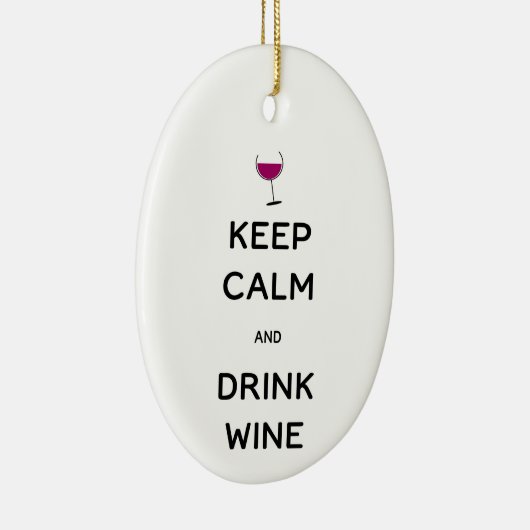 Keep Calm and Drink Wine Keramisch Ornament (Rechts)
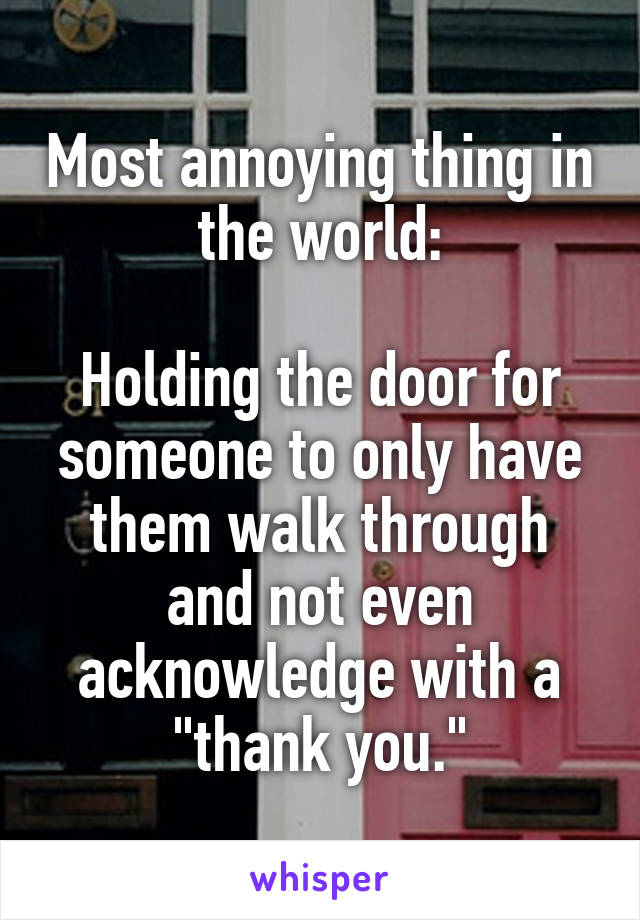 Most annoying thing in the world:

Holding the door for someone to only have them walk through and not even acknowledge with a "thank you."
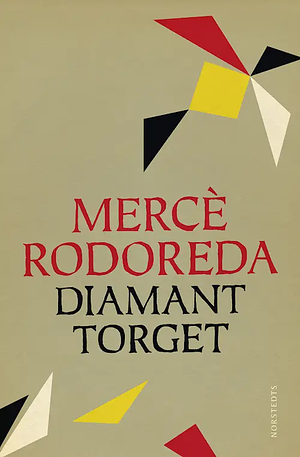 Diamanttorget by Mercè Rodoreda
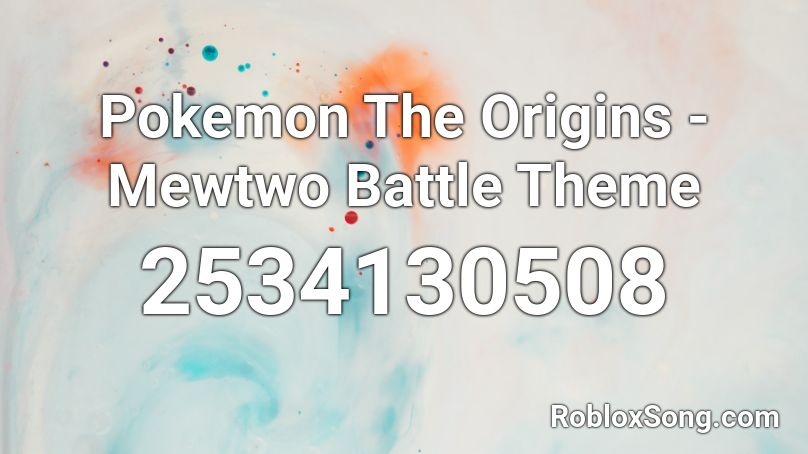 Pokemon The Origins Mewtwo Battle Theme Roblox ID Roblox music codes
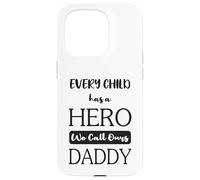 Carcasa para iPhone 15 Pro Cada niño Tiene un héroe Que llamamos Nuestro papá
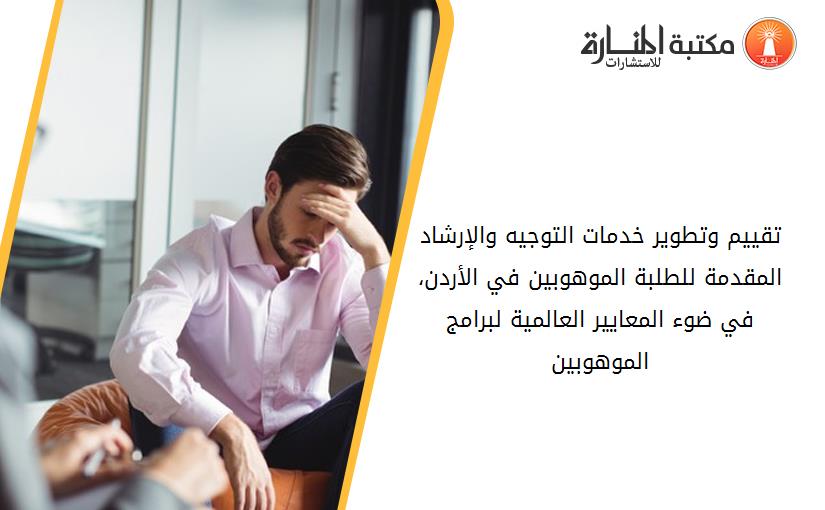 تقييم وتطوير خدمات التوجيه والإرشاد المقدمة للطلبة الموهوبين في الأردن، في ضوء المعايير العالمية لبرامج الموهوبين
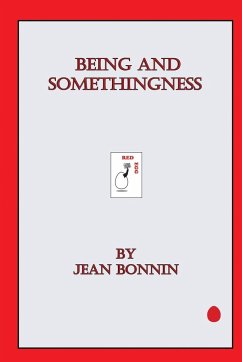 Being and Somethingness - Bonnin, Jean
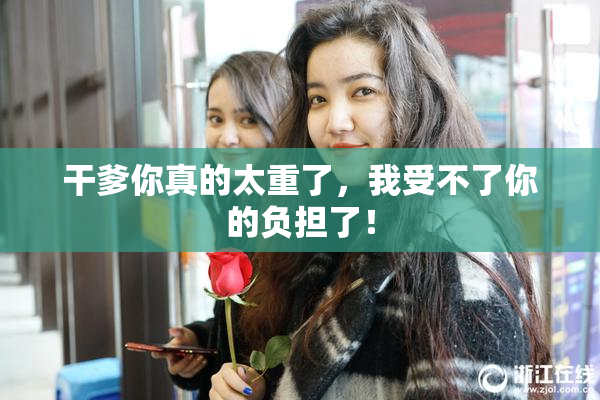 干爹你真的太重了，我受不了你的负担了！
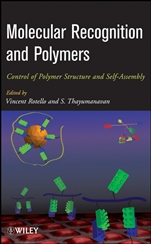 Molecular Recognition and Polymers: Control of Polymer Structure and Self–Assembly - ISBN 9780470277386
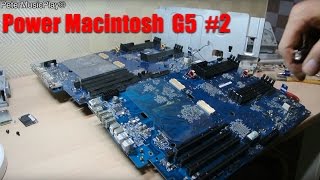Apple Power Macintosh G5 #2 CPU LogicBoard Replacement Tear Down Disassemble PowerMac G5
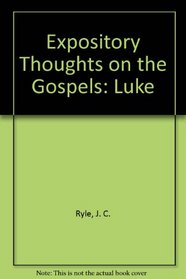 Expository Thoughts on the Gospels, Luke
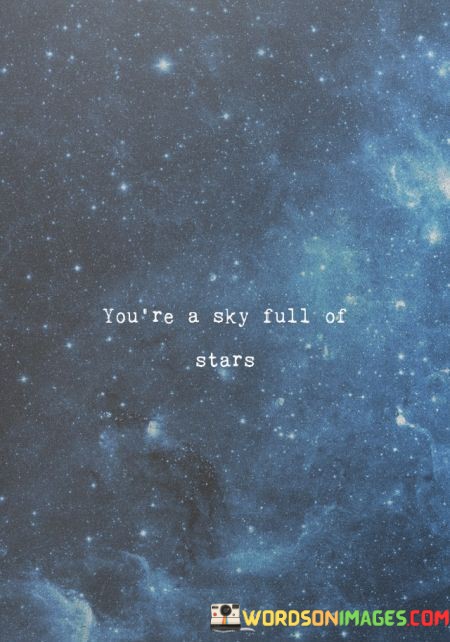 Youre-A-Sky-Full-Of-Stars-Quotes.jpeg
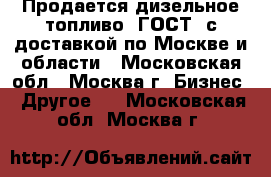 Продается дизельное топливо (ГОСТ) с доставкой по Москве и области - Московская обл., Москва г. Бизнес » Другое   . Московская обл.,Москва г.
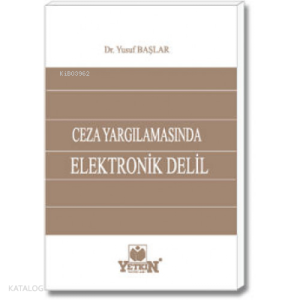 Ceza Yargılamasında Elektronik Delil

####

Go to the line that contains "Pokemon The Origins" and copy it and every line after it through the end of the entries, exactly, without the pictures.

 Pokemon The Origins Mewtwo Battle Theme Roblox ID Roblox music codes
 Carcasa para iPhone 15 Pro Cada niño Tiene un héroe Que llamamos Nuestro papá
 تقييم وتطوير خدمات التوجيه والإرشاد المقدمة للطلبة الموهوبين في الأردن، في ضوء المعايير العالمية لبرامج الموهوبين
 Being and Somethingness - Bonnin, Jean
 干爹你真的太重了，我受不了你的负担了！
 Molecular Recognition and Polymers: Control of Polymer Structure and Self–Assembly - ISBN 9780470277386
Apple Power Macintosh G5 #2 CPU LogicBoard Replacement Tear Down Disassemble PowerMac G5
 Expository Thoughts on the Gospels, Luke
 Youre-A-Sky-Full-Of-Stars-Quotes.jpeg
 Продается дизельное топливо (ГОСТ) с доставкой по Москве и области - Московская обл., Москва г. Бизнес » Другое   . Московская обл.,Москва г.
 Ceza Yargılamasında Elektronik Delil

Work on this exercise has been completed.